Lovable exposed 170+ small business databases in February 2026. Moltbook lost 1.5 million API keys. AI website builders are incredible — but most business owners have no idea what's sitting exposed in their backend.
AI-built websites like Lovable and Bolt.new are launching with serious security gaps. 45% of AI-generated code fails basic security checks. If your site collects data, has user logins, or connects to any API, here's what to audit right now.
January 2026. A startup called Moltbook — a social network built almost entirely using AI tools — had 1.5 million API keys sitting in an exposed database. Not buried deep in some obscure backend. Accessible. Logged by anyone who knew where to look.
A month later, security researchers ran a systematic scan of websites built with Lovable, one of the most popular AI website builders of the past year. They found more than 170 databases with zero row-level security. Customer emails, form submissions, booking records, and in some cases sensitive personal information — sitting there, readable, on businesses that had no idea.
This isn't a hypothetical future risk. This is what happened in the last 90 days.
For anyone who hasn't been following the trend: vibe coding is the practice of building websites, apps, and digital products by describing what you want to an AI — Lovable, Bolt.new, Cursor, Claude Code — and having it write the code for you. No traditional development experience required.
The results are genuinely impressive. For prototypes, personal projects, landing pages, and early-stage products, it has changed what's possible for founders and small business owners with limited budgets.
The problem is not the tools. The problem is when real businesses — ones collecting real customer data, processing real transactions, or storing anything sensitive — launch these AI-built products without anyone with security experience ever reviewing them.

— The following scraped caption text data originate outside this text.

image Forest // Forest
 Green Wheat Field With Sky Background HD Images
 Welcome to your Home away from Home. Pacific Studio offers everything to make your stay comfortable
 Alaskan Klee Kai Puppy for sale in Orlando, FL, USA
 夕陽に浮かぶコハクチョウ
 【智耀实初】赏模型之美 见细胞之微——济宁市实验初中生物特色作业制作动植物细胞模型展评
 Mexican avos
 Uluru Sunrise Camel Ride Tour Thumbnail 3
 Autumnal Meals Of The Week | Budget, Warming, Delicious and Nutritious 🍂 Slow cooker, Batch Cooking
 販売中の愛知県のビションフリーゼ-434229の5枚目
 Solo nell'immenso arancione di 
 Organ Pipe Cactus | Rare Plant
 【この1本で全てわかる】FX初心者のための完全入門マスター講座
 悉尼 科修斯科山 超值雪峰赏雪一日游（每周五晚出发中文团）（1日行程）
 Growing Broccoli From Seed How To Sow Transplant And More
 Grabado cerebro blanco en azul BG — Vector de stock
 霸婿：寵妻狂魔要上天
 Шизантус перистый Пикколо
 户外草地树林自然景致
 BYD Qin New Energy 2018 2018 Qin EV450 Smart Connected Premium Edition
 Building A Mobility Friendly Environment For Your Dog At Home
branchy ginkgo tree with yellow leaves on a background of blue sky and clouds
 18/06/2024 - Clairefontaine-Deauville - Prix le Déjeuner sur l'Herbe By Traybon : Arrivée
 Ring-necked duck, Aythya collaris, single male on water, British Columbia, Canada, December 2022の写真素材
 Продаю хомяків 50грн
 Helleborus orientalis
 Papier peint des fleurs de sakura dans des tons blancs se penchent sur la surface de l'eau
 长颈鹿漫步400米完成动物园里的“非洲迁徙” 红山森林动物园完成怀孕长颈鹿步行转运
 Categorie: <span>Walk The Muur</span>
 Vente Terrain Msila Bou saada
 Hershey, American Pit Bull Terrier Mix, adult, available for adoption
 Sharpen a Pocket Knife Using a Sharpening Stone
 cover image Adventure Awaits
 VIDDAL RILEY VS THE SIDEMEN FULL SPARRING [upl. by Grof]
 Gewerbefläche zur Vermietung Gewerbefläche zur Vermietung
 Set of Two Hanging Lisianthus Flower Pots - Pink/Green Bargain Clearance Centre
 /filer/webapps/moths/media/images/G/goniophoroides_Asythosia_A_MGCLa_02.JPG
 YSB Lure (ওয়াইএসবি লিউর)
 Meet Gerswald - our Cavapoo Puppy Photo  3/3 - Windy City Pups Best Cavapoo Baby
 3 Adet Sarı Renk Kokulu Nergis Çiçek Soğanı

The Lovable scan found something specific: no row-level security. In plain English, here is what that means.
Imagine your website has a customer database. Row-level security means each user can only access their own records — their own bookings, their own account history, their own payment info. Without it, the structure is there but the gates are not locked. Someone who understands how to query a database can access records that do not belong to them.
For a service business, that might be intake forms with client names and contact details. For a health-adjacent practice, it gets significantly more serious. For anyone storing payment methods or account credentials, the exposure is direct.
Proofpoint also reported tens of thousands of malicious URLs built with Lovable being used in phishing campaigns in early 2026. The AI-generated sites looked legitimate — professional design, real domains, functional forms — because they were built with the same tools used to build legitimate businesses. That is the other edge of this sword.
Security researchers testing AI-generated code have found that 45% of it fails basic security checks. Not sophisticated zero-day attacks. Not advanced persistent threats. Basic checks that any security audit would run first.
That is not a knock on AI tools — they are improving rapidly. It is a reflection of the gap between "this looks like it works" and "this is safe for real-world use."
Not everyone. A simple portfolio site or a landing page that sends form submissions to your email has a small risk surface.
The risk scales directly with what your site does. You should pay close attention if your site:
If any of those describe your site and it was built primarily through an AI tool without a dedicated security review, it is worth taking a serious look.
Here is what the businesses that were not exposed in these incidents have in common: they did not skip the security conversation before launch.
That sounds obvious. But it is a completely different conversation than most web projects have. It is not about whether the site looks right or whether the contact form sends correctly. It is about who can access what, what happens if a credential leaks, how the backup plan works, and whether any part of what you are collecting triggers compliance requirements for your industry.
Those are not complicated questions. They are just not questions AI tools ask automatically — because the tool is building what you describe, not auditing what you haven't thought of yet.
Before drawing conclusions either way, run through these honestly:
Who built your site? If it was primarily AI-generated, do you know whether a developer reviewed it before launch?
What does your site collect? Forms, bookings, and user accounts require backend security, not just a clean frontend.
Where does that data go? Is it stored in a database? Do you know which one, and who has access to it?
Are any API keys in your frontend code? AI tools sometimes embed API keys where they are visible to anyone who inspects the page source.
Has your site had any security review since launch? Even a lightweight one?
If you cannot answer most of these, that is the useful information. It tells you where to focus.
AI tools are not the enemy. They have made building on the web more accessible than it has ever been, and that is genuinely good for small businesses. But accessibility and security are two separate things — and for a business collecting real data from real customers, both matter.
The businesses that are going to do well in this next phase are not the ones avoiding AI tools. They are the ones who pair those tools with someone who knows where the gaps are and closes them before launch, not after.